**TASK GOAL:**
Exactly and only the lines from the one containing "Gator Cases Titan Series Water Picture" through the close of the entries below are to be set down.

Brief descriptive captions:
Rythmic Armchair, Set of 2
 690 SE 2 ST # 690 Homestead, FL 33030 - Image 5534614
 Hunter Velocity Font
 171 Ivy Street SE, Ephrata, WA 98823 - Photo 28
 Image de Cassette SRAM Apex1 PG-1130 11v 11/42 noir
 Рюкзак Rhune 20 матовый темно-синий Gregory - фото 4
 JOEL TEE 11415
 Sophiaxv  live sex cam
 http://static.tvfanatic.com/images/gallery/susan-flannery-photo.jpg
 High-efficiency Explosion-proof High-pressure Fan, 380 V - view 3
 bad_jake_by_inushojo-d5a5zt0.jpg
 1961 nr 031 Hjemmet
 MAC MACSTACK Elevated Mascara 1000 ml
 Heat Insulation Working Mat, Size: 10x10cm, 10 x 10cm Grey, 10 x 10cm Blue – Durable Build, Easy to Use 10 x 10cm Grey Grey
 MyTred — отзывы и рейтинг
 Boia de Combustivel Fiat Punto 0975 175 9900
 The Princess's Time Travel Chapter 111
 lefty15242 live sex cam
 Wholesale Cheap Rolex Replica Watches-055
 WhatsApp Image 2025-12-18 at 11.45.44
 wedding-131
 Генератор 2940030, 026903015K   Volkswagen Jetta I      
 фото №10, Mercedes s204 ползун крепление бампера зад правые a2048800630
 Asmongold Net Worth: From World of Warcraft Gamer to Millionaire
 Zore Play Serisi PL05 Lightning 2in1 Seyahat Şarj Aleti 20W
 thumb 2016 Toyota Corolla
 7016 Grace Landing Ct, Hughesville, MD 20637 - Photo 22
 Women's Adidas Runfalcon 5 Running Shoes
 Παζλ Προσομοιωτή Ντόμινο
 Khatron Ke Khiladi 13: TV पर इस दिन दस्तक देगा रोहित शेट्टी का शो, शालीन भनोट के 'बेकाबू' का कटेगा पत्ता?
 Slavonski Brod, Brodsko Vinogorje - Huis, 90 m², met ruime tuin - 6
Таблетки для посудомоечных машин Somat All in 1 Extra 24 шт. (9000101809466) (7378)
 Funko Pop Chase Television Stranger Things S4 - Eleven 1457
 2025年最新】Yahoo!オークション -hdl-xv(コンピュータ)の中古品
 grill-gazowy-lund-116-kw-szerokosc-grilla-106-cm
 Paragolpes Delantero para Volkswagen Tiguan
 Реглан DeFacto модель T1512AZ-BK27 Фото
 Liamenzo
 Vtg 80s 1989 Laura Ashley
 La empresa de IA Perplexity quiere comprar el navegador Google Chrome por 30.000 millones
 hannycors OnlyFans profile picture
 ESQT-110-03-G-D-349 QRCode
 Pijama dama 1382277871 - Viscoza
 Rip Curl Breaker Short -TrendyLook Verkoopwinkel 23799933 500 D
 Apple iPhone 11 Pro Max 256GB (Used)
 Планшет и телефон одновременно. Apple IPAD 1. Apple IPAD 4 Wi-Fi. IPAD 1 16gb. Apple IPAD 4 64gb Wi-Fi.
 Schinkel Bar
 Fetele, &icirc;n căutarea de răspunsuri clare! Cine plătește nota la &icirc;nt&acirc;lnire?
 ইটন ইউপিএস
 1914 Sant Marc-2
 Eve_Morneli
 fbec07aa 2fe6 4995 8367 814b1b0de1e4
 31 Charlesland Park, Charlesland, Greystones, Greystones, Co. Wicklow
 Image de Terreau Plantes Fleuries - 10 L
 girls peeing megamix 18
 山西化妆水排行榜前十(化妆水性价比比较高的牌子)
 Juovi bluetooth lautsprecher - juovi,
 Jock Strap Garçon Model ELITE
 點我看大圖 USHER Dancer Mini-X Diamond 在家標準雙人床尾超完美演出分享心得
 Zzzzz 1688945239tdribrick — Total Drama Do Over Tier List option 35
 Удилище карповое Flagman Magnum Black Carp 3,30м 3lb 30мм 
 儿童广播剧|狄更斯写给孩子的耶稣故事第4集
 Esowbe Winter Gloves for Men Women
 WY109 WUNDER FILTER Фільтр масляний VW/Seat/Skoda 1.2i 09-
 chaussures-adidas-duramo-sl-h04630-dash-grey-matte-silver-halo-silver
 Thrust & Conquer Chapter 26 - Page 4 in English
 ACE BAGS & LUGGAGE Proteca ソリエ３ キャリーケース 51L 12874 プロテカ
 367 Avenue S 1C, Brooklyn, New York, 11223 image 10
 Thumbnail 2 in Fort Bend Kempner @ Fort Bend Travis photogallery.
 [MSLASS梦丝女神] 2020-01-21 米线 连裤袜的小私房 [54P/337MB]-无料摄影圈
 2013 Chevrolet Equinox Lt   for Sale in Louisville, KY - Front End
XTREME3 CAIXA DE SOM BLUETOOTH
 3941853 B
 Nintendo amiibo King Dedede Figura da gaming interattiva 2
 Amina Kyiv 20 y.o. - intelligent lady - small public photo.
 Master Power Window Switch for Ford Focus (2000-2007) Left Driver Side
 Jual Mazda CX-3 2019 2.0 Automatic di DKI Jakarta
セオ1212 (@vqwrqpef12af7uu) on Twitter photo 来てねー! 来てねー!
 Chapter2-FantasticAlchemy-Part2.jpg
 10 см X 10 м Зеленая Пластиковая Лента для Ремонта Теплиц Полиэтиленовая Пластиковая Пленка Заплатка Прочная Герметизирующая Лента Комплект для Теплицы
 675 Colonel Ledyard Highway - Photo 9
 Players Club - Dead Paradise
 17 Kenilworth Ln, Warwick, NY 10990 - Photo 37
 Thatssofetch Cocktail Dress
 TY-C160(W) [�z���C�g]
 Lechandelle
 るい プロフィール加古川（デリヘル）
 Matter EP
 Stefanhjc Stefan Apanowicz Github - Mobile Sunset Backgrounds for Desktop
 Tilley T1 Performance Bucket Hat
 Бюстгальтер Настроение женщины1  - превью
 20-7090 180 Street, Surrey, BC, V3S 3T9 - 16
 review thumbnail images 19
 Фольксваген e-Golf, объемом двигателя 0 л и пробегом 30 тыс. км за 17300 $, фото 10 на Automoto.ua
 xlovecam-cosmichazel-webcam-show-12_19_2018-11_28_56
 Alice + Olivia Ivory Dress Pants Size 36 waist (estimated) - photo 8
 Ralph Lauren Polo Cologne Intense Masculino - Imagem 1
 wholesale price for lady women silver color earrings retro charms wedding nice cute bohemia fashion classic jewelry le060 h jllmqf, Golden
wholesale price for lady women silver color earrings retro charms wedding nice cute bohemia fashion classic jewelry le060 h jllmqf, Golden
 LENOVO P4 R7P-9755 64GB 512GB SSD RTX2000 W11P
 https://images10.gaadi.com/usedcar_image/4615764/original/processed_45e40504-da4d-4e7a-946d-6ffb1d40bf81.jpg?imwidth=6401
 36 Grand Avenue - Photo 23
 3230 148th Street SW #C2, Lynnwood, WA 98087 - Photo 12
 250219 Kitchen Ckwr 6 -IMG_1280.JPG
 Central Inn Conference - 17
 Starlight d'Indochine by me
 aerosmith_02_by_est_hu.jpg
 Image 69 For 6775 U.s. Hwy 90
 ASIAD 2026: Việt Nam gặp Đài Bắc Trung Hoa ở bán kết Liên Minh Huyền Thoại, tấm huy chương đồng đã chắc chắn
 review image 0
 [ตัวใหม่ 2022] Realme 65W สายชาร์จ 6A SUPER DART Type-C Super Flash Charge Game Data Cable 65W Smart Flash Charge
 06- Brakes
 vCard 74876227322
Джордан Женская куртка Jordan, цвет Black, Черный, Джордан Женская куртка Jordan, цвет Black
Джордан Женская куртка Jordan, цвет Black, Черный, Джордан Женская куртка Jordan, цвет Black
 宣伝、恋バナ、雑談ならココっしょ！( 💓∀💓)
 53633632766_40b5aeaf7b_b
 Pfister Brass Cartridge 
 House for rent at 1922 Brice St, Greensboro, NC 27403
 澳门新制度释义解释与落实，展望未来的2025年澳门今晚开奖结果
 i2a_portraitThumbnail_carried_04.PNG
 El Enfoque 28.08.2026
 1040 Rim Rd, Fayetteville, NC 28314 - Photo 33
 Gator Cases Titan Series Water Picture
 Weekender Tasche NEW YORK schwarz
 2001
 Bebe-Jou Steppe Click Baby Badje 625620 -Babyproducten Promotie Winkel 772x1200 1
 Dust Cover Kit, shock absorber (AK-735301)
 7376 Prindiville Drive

**RESULT OF THIS EXERCISE:**
 Gator Cases Titan Series Water Picture
 Weekender Tasche NEW YORK schwarz
 2001
 Bebe-Jou Steppe Click Baby Badje 625620 -Babyproducten Promotie Winkel 772x1200 1
 Dust Cover Kit, shock absorber (AK-735301)
 7376 Prindiville Drive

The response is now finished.